There are some Cocteau Twins comparisons to be made, sure, so let’s get them out the way. In the rare interviews that she’s given, Guion herself has admitted a debt to the dream-pop trio, and the album title and a couple of the song titles alone.

‘Cherry Bell Blacktop’; ‘Sourbell’ – wouldn’t raise an eyebrow if doctored onto the Heaven or Las Vegas track list. However, she also shares a couple more hard-to-come-by attributes with Liz Fraser et al: an ability to draw out melody from the distorted, sometimes abrasive swirl of sound she’s surrounded herself in; and a way of weighting her vocal with a heart-tugging emotion, even when largely used as an instrument. Guion is also, thankfully, far more than this shorthand comparison.

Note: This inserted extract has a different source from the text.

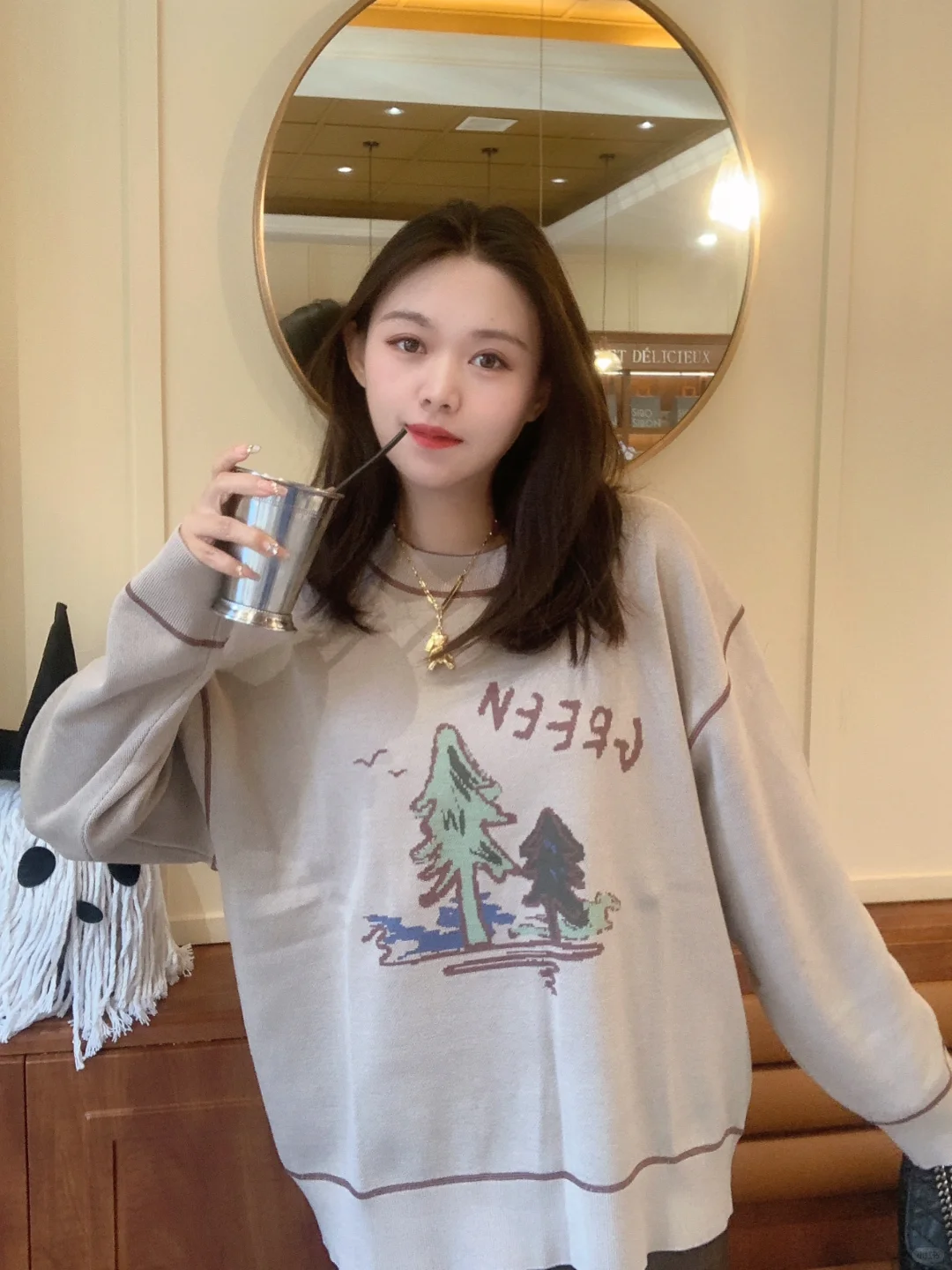 日常分享｜是被N多人问过的毛衣🍁氛围感拉满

Too much concealment, or an attempt to make something a blank slate for the listener to project upon, runs the risk of falling flat. ‘Sour Cherry Bell’, though, hooks you in from the off.

Opener ‘Lowlight’ is a shimmering gothic lament. There are tracks like ‘The Steelyard’ which clatter and clang, as though mechanical billows working to power the roar of a great industrial furnace.

Something like ‘Body Optics’, meanwhile, leans heavily into dirgey drones and skittering electronics which sounds so far so Kranky Records (no bad thing mind); yet what marks it out is Guion’s voice, though obscured, singing sweetly tender melodies as though blissfully unaware of the falling detritus of noise around her. It’s followed up by the darkly exhilarating ‘Quiet Time’, which is anything but, as glottal machine percussion scythes through jarring synthetic loops and shudders, while Guion’s vocal battles to climb above it all.

Contrast that with ‘Perfect Interference’, which strips all the sequencing and layering away and leaves a vocal and piano at its root. It’s an illuminating track on ‘Sour Cherry Bell’, not just because of its relative calm, but also in the way it lifts the veil to show that it’s melody that’s at the heart of this record.

The album’s finale is Petrechoria, which acts as a final, breathy exhale of a coda, before it recoils and fades into silence. This time, I hope, MJ Guider won’t once again follow suit.